Monday, October 19, 2009

Brütal Legend is Brütally Awesome

Brütal Legend arrived on my doorstep Friday afternoon, and I managed to finish it early this evening after work.

That means two things, one good, one bad:

1. The game is awesome and engrossing. It's well paced, and involves you with a continuing progression of challenge that means you can play it for 6 hours straight and not get bored.

2. The game is really really short.

No, really really short. I got about 12 hours of game play out of it; and that was half sandbox time. There was only about six hours in the main storyline.

Oh and the side missions are pretty pointless and repetitive, so you can't really extend the play value with those. There's basically no replay value in the single player mode.

The game is kind of an odd fusion of genres; a combination of arcade style melee combat, the ever popular GTA style sandbox drive and fight mission gaming, and resource/unit management based real time strategy.

Oh and of course, METAL!!!!!

If you aren't a big fan of heavy metal, you're going to hate this game.
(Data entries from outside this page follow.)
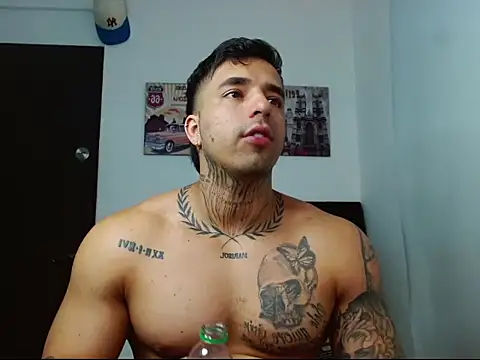 Snapshot of ragnar_phoenix chatting on 21, 10, 2025 ragnar phoenix online show from 21, 10, 2025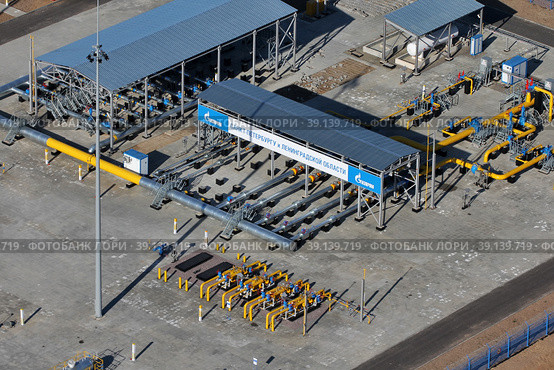 Компрессорная станция на газопроводе. Вид сверху. (2019 год). Редакционное фото, фотограф Александр Тарасенков / Фотобанк Лори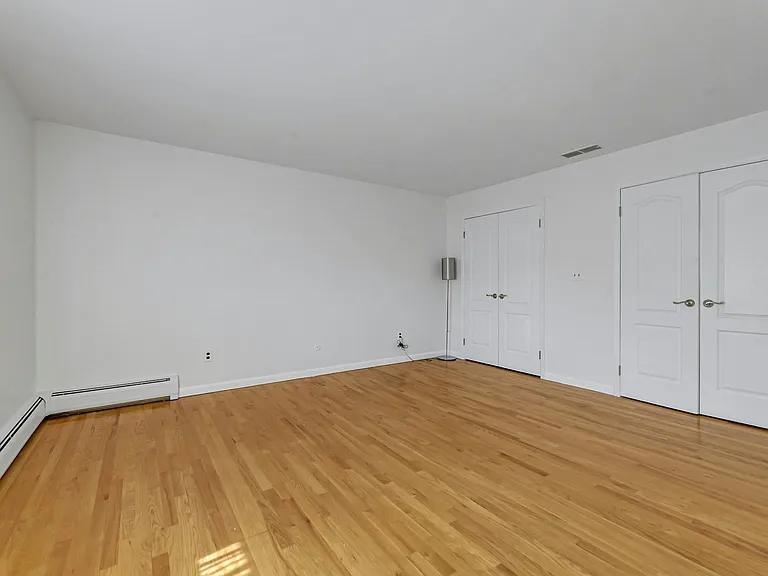 268 Center St — Photo 22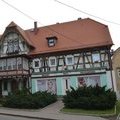 Niezwykej urody architektura tego budynku niestety znika w liszajach i pstrokacinie farb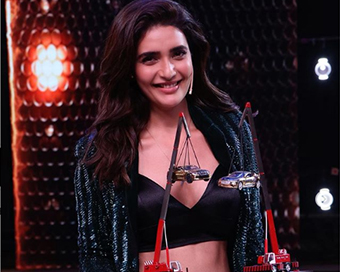 Karishma Tanna: Holding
EVERYTHING about this game is metal. The character names, the artwork, the dialog, and of course, the soundtrack; which is a world tour of the history of metal, with 108 songs from 75 bands, spread across the major metal genres (including two songs written just for the game)...

...Though admittedly, the list is heavily weighted towards early 80s metal (which I consider a GOOD thing).

Also, the voice actors are totaly metal; featuring Ozzy Osbourne, Rob Halford, Lemmy, Lita Ford and (debatably metal, and seriously irritating to many people) Jack Black as the main character.

Oh, and continuing his long tradition of kinky bastards, demons, and deliciously evil bad guys; Tim Curry voices the big bad.

If on the other hand you LOVE metal, as I do; the game is great fun.

Is it worth the $56 (for the PS3 anyway)? It was for me. 12 hours worth of entertainment is three fairly long books, 6 movies, maybe 3 dinners out... all of which are roughly comparable more or less in cost (unless you go for library books or rental movies anyway).

There's a different debate out there, as to the escalating costs of video games in general and as to whether those costs are justified; but that's an argument for a different post.

I say, if you like metal, don't hate Jack Black, and like sandbox games; go for it.

Oh, and "The Superfluous Umlauts" would be a great name for a rock band.